Recently when converting a PyTorch checkpoint for CPU inference with ONNX throughput fell off a cliff. Of course, runtime on CPU is generally expected to be slower than on GPU, however something was off. Turns out a particular case of floating values was to blame.

What are Subnormals?

Normal floating point numbers are representated in base 2 in scientific format “normalized” to <sign> 1.<fraction> * 2^(<exponent> + bias). In memory it is stored as [sign|exponent|fraction], e.g. for 32-bit floats the exponent is represented with 8 bits and the fraction with 23 bits (and the sign with 1 bit).

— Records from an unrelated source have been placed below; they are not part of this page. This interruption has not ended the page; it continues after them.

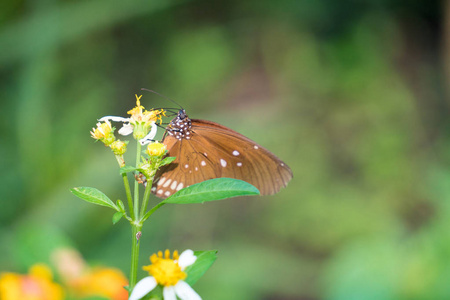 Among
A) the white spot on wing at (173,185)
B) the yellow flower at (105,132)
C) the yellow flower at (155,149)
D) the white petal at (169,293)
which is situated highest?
the white spot on wing at (173,185)

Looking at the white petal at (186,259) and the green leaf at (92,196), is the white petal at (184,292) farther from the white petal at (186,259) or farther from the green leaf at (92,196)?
the green leaf at (92,196)

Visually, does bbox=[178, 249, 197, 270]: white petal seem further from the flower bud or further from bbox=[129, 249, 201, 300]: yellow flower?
the flower bud

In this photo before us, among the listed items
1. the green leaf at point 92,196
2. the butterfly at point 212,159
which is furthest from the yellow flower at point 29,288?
the butterfly at point 212,159

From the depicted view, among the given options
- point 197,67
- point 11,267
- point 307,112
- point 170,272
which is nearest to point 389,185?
point 307,112

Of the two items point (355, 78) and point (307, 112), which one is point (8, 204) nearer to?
point (307, 112)

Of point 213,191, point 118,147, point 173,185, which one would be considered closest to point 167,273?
point 213,191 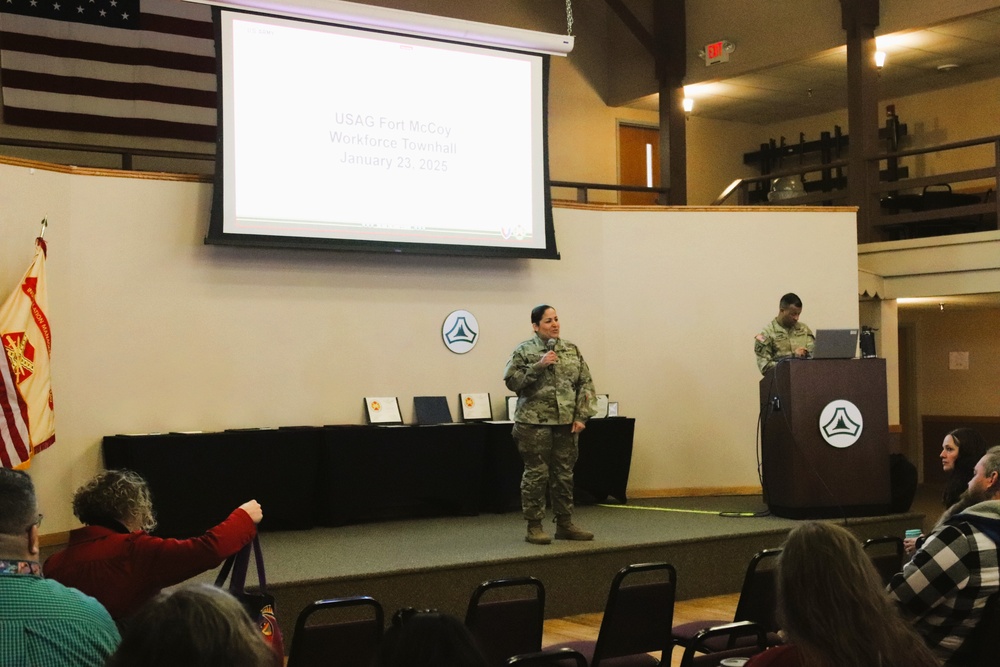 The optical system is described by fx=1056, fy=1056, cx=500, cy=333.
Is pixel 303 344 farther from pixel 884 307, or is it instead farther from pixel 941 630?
pixel 884 307

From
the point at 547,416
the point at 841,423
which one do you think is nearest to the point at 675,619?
the point at 547,416

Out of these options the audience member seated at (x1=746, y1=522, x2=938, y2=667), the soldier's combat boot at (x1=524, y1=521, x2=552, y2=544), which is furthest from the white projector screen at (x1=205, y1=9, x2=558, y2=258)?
the audience member seated at (x1=746, y1=522, x2=938, y2=667)

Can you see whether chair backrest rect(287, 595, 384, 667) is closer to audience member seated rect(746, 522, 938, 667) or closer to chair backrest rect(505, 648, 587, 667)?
chair backrest rect(505, 648, 587, 667)

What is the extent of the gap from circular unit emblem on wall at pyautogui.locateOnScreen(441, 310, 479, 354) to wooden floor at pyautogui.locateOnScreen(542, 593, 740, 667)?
2.59 meters

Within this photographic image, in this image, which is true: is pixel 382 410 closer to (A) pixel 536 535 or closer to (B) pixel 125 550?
(A) pixel 536 535

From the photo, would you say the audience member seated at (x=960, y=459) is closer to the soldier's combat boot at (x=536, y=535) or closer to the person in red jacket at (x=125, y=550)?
the soldier's combat boot at (x=536, y=535)

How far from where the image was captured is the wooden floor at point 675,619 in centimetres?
518

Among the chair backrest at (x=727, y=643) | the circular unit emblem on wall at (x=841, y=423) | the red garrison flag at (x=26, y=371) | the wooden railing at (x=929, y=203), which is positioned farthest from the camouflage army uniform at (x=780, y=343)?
the red garrison flag at (x=26, y=371)

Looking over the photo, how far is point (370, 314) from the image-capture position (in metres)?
7.45

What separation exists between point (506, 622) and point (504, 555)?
233cm

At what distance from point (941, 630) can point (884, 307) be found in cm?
757

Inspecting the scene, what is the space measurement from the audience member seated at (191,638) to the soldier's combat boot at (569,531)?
4.67 m

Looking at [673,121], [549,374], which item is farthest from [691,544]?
[673,121]

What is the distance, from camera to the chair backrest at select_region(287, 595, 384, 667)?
2924mm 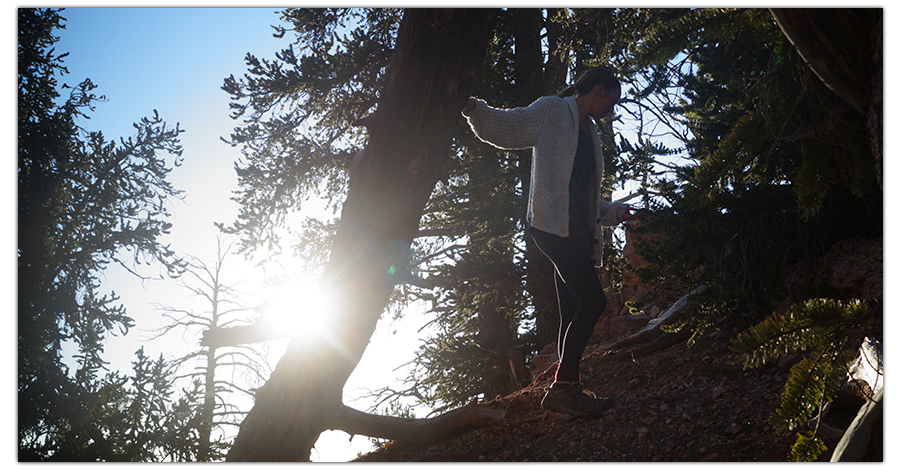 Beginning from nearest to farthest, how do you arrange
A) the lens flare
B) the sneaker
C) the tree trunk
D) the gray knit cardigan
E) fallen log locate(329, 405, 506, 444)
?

When the floating point number that is supposed to be encoded becomes so small that (with the available bits for fraction and exponent) it’s no longer possible to reach a 1. leading representation, the floating number is considered subnormal, denormalized or denormal.

Why is this an Issue?

Processing subnormals requires additional logic for basic handling and arithmetic operations. In the case of the x86 instruction set architecture this additional logic seems to be usually not implemented in silicon and instead handled in software which leads to significant slowdowns. The same post also notes that Nvidia GPUs generally implement this in hardware which is consistent with my experience: No problems on Nvidia GPUs, but performance drop on a x86 CPU 💁

How to Resolve it?

Fortunately, the remedy to this problem is a quick one: Setting the denormal floats to actual zeros. In PyTorch one achieves this by calling torch.set_flush_denormal(True) (docs) before creating/loading tensors that may contain denormal floats.

Generally, minor changes to model weights should have negligible impact on model outputs, however in case denormals of existing weights get zero’ed it’s advisable to rerun tests and confirm there is no impact on model accuracy.